Toujours pendant ce temps-là, la Haute cour de justice britannique a ajouté une dose de confusion dans la procédure du Brexit en décidant que le Parlement devrait donner son accord pour le déclenchement de l’article 50. Le débat sur les deux formes envisagées de sortie de l’Union n’a pas beaucoup de sens puisque tout dépendra de la décision de chacun des 27 autres membres. L’idée suivant laquelle Londres pourrait conserver tous ses avantages économiques et financiers, pour la City comme pour les usines implantées sur son sol, soit le « soft Brexit » tout en se soustrayant à la liberté de circulation des  personnes, qui fut la raison du vote du 26 juin, est illusoire.

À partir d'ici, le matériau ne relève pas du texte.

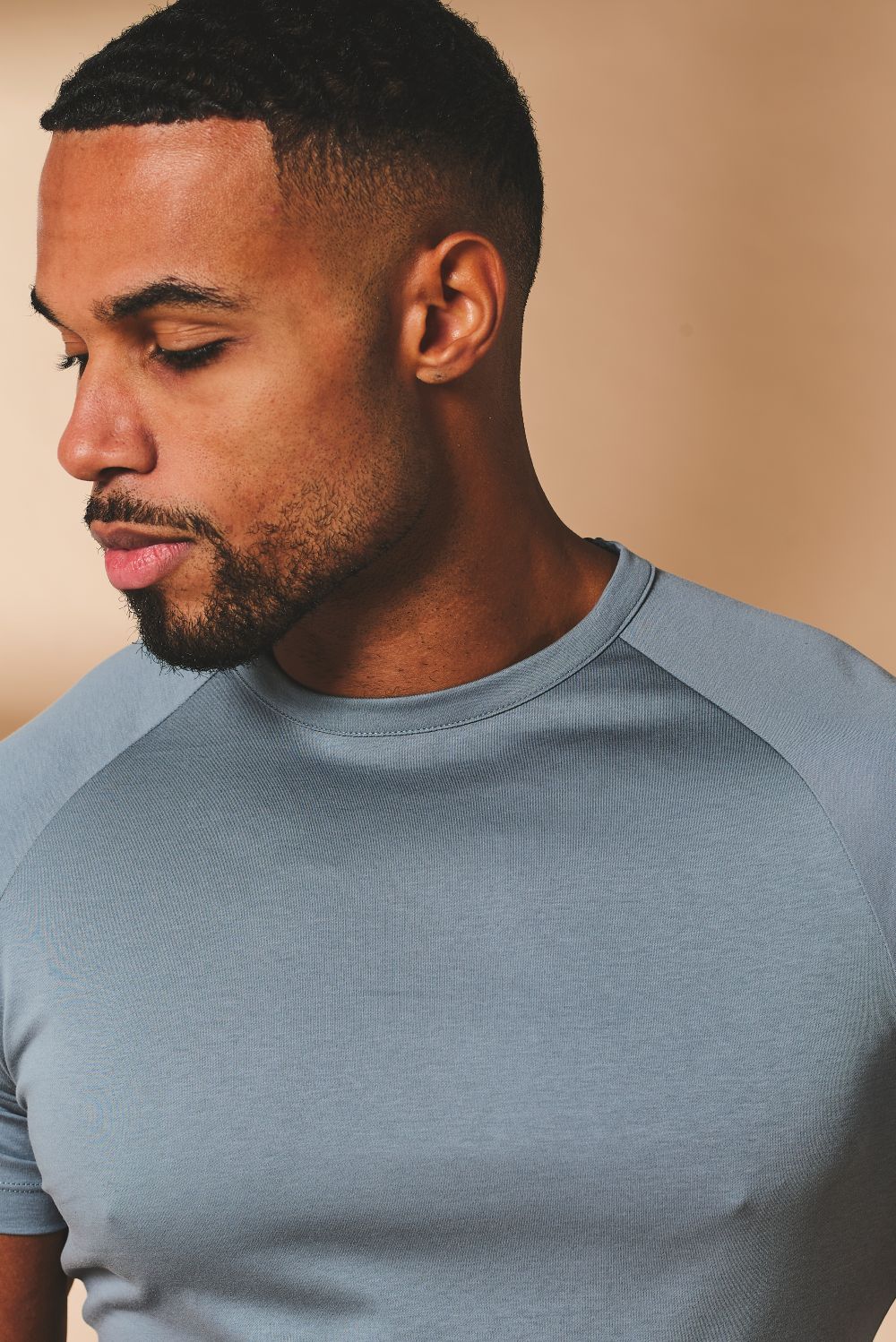 Muscle Fit T-Shirt in Pale Blue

Ses anciens partenaires européens ne l’accepteront pas. On peut s’attendre à des années de discussions, pendant lesquelles interviendra une élection législative. Il serait imprudent de penser que l’enjeu d’une telle élection ne soit pas la remise en cause du référendum. Le feuilleton anglais n’est donc pas prêt de trouver son épilogue.

Enfin, pendant que tout le monde avait les yeux tournés vers l’Amérique, l’économie française a apporté de nouvelles confirmations de l’échec de la politique du gouvernement. La croissance pour l’année 2016 va devoir être à nouveau révisée en baisse. Parler d’ailleurs de croissance pour des chiffres aussi faibles est inapproprié. Après une baisse de 0,1%% du PIB au 2ème trimestre, l’augmentation n’a été que de 0,2% au 3ème trimestre. Les chiffres du chômage du mois de septembre après ceux catastrophiques du mois d’août, ne doivent pas faire illusion. Ils résultent, à la rentrée, des programmes de formations des jeunes. La mesure est bienvenue mais son interprétation économique n’a pas beaucoup de sens. Si la croissance du chômage, depuis quatre ans s’est effectivement ralentie, voire stoppée, le niveau atteint est tel qu’il n’y a pas de quoi pavoiser. Les transferts importants en faveur des entreprises consentis depuis 2013 n’ont eu aucun effet sur l’investissement et encore moins sur la capacité de notre économie à redresser ses échanges extérieurs. Les chiffres du commerce extérieur du mois d’octobre qui viennent d’être publiés, sont, comme ceux des mois précédents, accablants. En deux ans, le France a perdu tout l’avantage qu’elle avait tiré de la réduction des prix du pétrole et du gaz. Le déficit pour cette année approchera 50 milliards d’euros, alors que l’Allemagne a un excédent de 200 milliards et l’Italie de plus de 50 milliards. Ces deux indicateurs, l’emploi et le commerce extérieur montrent à quel point la stratégie conduite depuis quatre ans n’a pas atteint les résultats escomptés. La fin des incertitudes liées au résultat des élections américaines permettra peut-être un rebond de l’économe mondiale. Encore faudrait-il que nous sachions en tirer parti.